I suppose this weekend can be compared to being blind-sided with a punch. I had no idea it was coming and it hurts like nothing I have ever experienced in my life.
How could a thing that is so great, and that has become so rock solid, suddenly deteriorate so fast?
Only now do I know what it truly means to be utterly miserable and depressed. Food and sleep have taken the very back of my life, replaced by sadness and anger. It is such a vicious circle. All I can think about is the problem, and how I can solve it, but the bad points always seem to blind me towards the good and I become even more depressed. It is as if I am in a hole, and for every inch that I manage to climb out, I slip back a foot at least.

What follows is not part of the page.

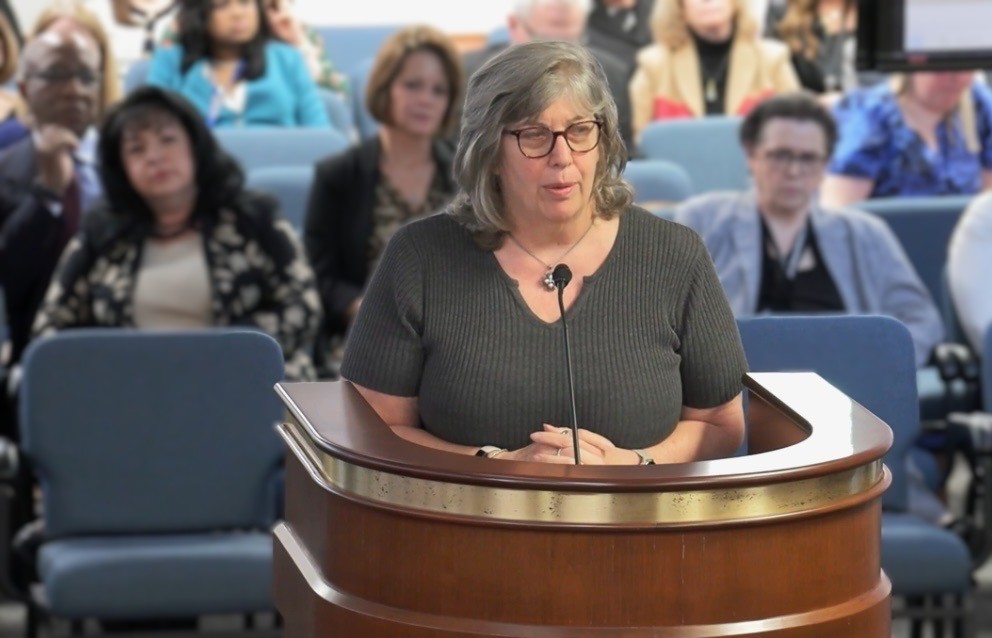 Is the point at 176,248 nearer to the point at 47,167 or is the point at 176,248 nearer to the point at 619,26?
the point at 47,167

Last night was the worst so far. Even more problems were thrown onto the already large pile, and it soon became too much to bear. I found myself curled up into a ball in the corner of my room, crying uncontrollably. But the more I tried to tuck myself away, the more I thought about it, and the more it hurt. Even now as I sit here, I must take long pauses to gather myself to be able to type.

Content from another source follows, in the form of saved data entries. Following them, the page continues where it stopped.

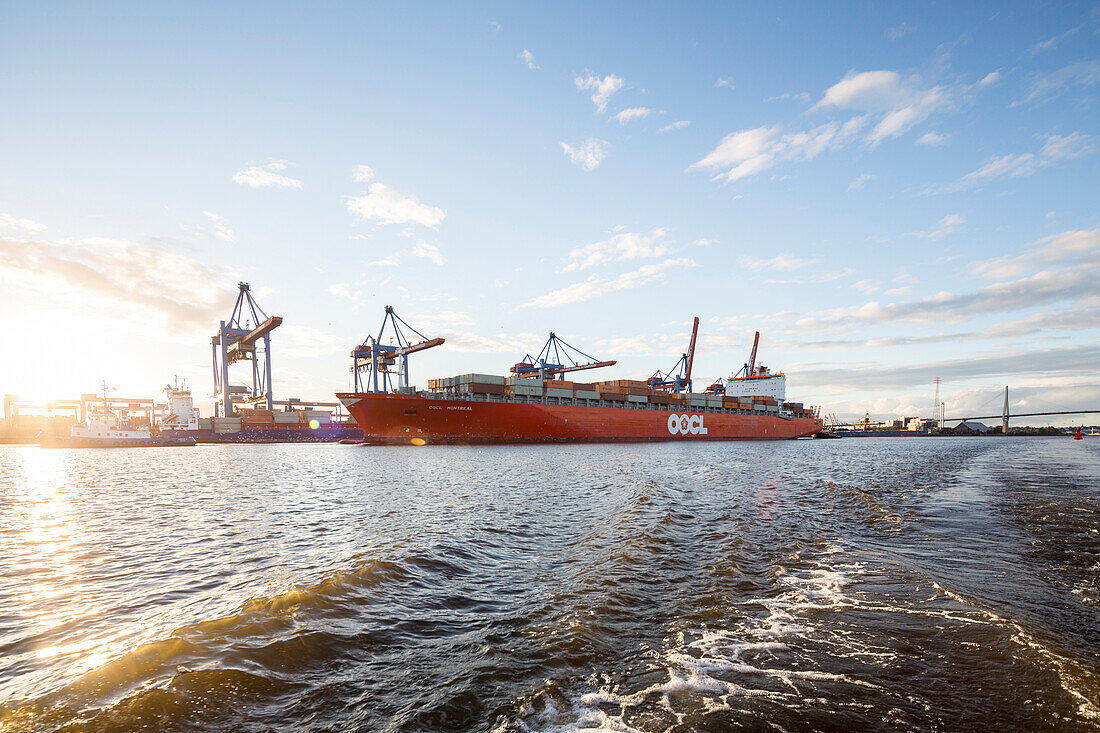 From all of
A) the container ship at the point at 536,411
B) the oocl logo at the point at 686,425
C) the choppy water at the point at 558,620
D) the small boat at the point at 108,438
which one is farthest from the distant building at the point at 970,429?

How could it have come to this? More importantly, why do I seem prone to this type of pain and suffering? Even though this has happened in the past, never before now has it tortured me so much. I do not know what the next week will bring. The only thing I can be certain of is that the days, and even more so, nights will be long and agonizing.
I am sorry if my emotions bore you or I seem petty, but I needed to vent so very bad, and get down in writing how I am feeling. Writing seems to calm me down.